I have started without finishing more posts than I can count. I have and still do find it very difficult to put down the words that will most likely open the sluice gates I am not sure I am willing to open.
We were living in Japan when we received the phone call from my mother telling me that my father had chosen to take his life. My mother felt it necessary to tell me before I read it on Facebook.
I don't want to talk about suicide now or how damn angry I am with him, I will at some stage, I need to share what life is like for those left behind. I do want to talk about how grief is like the scene of a train wreck.
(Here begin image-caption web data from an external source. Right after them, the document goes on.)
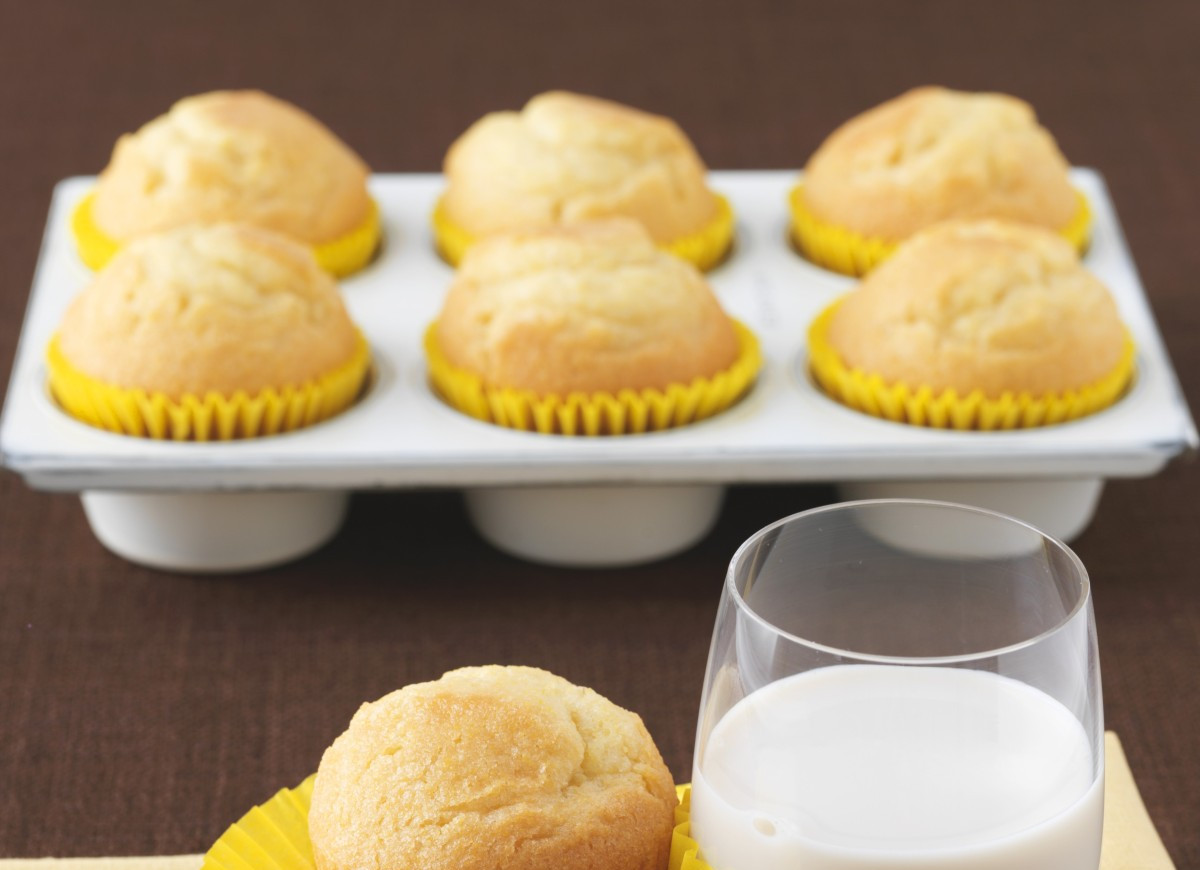 Babeczki cytrynowe - Muffiny cytrynowe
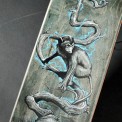 Exposition Skateistan 2011. Encre de chine et acrylique sur skateboard.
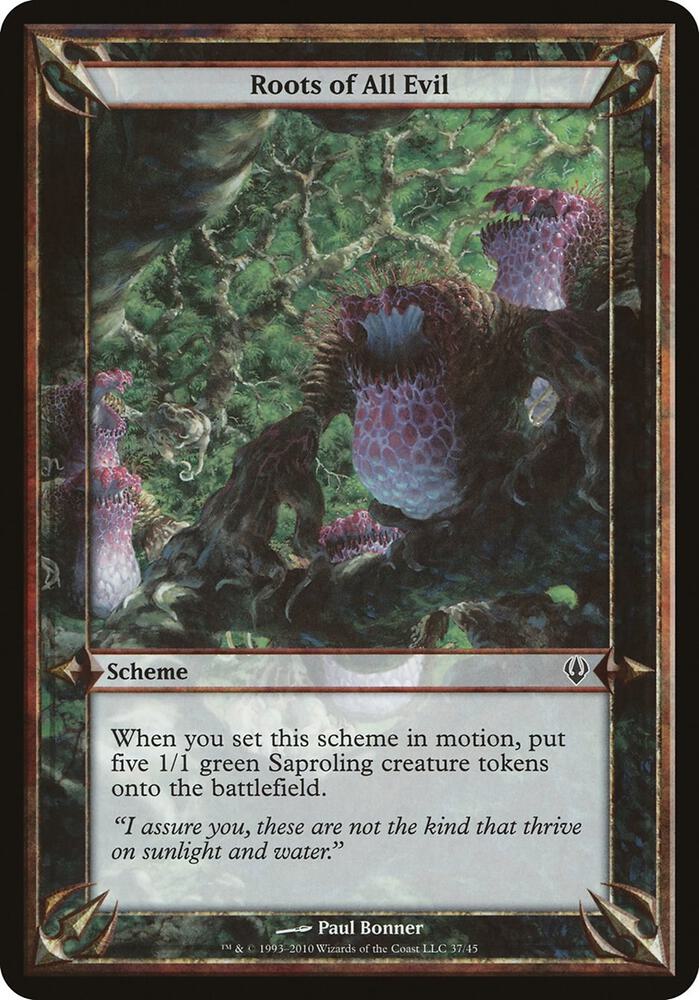 Roots of All Evil (Archenemy) card from Oversize Cards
For years I had prided myself in my ability to self-evaluate. I new I was insecure, or if I had treated someone unkindly. I was able to prejudge my emotions and navigate them before they caused damage. I have always been deep, but I had moved clear of the precipice leading to despair.
Grief comes like a thief in the night. It robs you of what you hold most dear, but the realisation of loss only comes with the morning light.
In the process of losing him, I have lost part of myself.
Grief is like a building after an earthquake, the foundation is still there, but the structure lies in ruins.
I have found it harder as the years go on to rebuild or make sense of my life.
And do you know that when you have experienced trauma or tragic loss, life does not stop to allow you the time to process. In the 5 years since that phone call, the hard has been harder than I could ever have imagined.
I apologise for the heaviness and disconnectedness of this post.